Eco-tourism in Whirinaki? I flinched at the thought. Up until then I had been relishing the solitude of the forest; the idea of sharing Whirinaki with energetic mountain-bikers and busloads of Japanese tourists filled me with dread.
Therein lies the dilemma for Whirinaki, as it does for many parks in many corners of the world. How do you “save” natural areas and at the same time share them? Or to put it another way, how do you spread the benefits of ecological success to the society that supports it? These were the questions I still needed answers for at Whirinaki and, as I suspected, the social scars of the past were proving a lot harder to heal than the environmental ones.
Minginui, the former logging town at Whirinaki, tells the story. Flanked by the mighty trees of Whirinaki on three sides, it is a town inextricably linked to the forest. Yet, like a broken street lamp, its connections seem severed. The streets are silent and empty; the general store is boarded up. To an outsider like me, it was as if no one lived there any more.
But they do. There are about 250 residents still living in Minginui. Most have iwi ties with Ngati Whare or Ngati Manawa. Their ancestral connections to the forest go back hundreds of years. These are some of the locals who are awaiting the promised fruits of eco-tourism.

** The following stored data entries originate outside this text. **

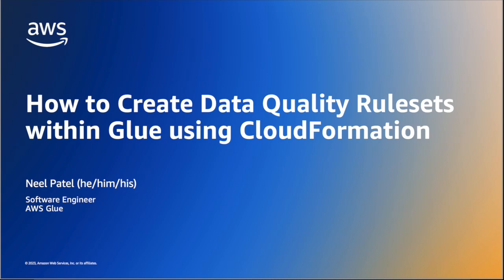Hello, this quick demo is going to be a guide on how to create a data quality ruleset within Glue using CloudFormation.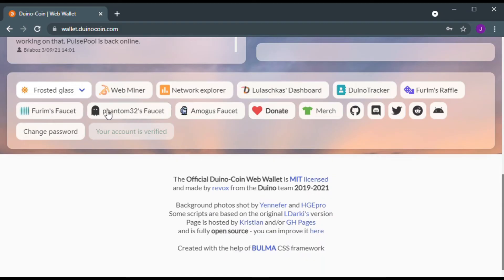Finally, your account should be verified. Happy mining!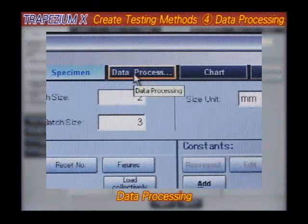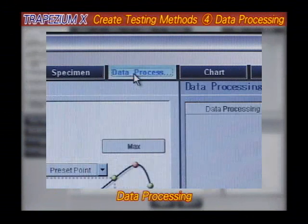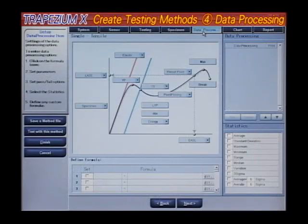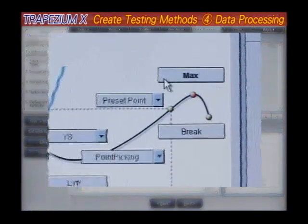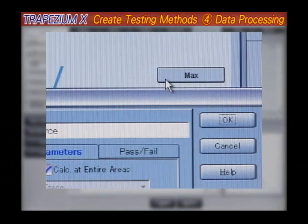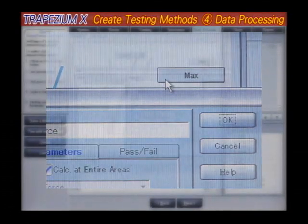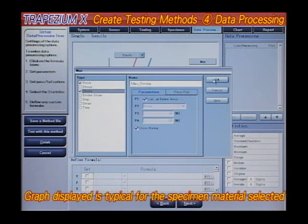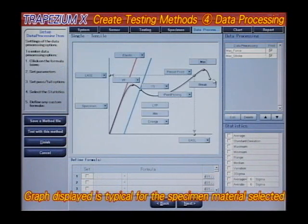Data Processing. The easy-to-understand graphs shown here are used to specify data processing parameters. Trapezium X then displays the most typical graph for the settings selected.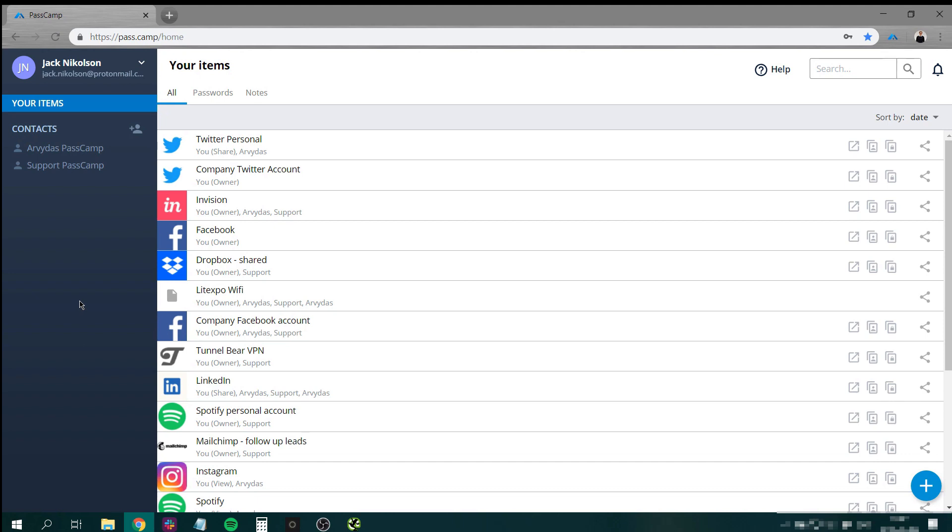If you have ever used a similar tool or have all your passwords in one place, adding them to PassCam one by one might be a hassle. That's why we have added an import feature that allows you to import all your passwords in one go.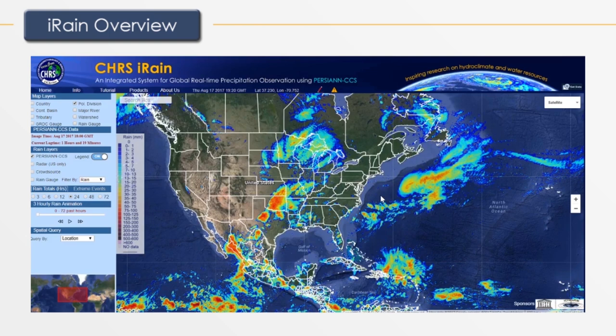Focusing on the sidebar, we see six main sections. The map layer allows us to overlay different political and hydrological borders over our map. The PERSIANN CCS data provides the time of the latest update of the rain data and the amount of time since. Rain layers overlay different rainfall data layers over the base map.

John Sutton, and others I spoke to at DOC, are all too aware of their plight. DOC has statutory obligations to form partnerships with the community and with iwi. Building a sustainable eco-tourist industry is part of that commitment. “But it will take time,” says Sutton.
It’s a tricky balance. It is hard to imagine Whirinaki becoming a Yellowstone National Park overnight, but there is surely great potential in the place, especially if DOC continues to be successful in improving the biodiversity. Small town economics can be a dismal business at the best of times. But conservationists’ claims that the township of Minginui has a great asset on its doorstep are not mere rhetoric. Perhaps, like a good wine, they are just taking time to mature.
Despite the ongoing challenges, I felt heartened by what I’d seen at Whirinaki. Much has been achieved for the forest in the last 20 years. From a biological perspective Whirinaki was in better shape than I expected, much better shape. The ecological restoration would continue, and I look forward to the possibility that before too long the sound of birds like the kokako might be heard again in the forests of Whirinaki, and, in time, the sound of people talking and laughing would be heard, too.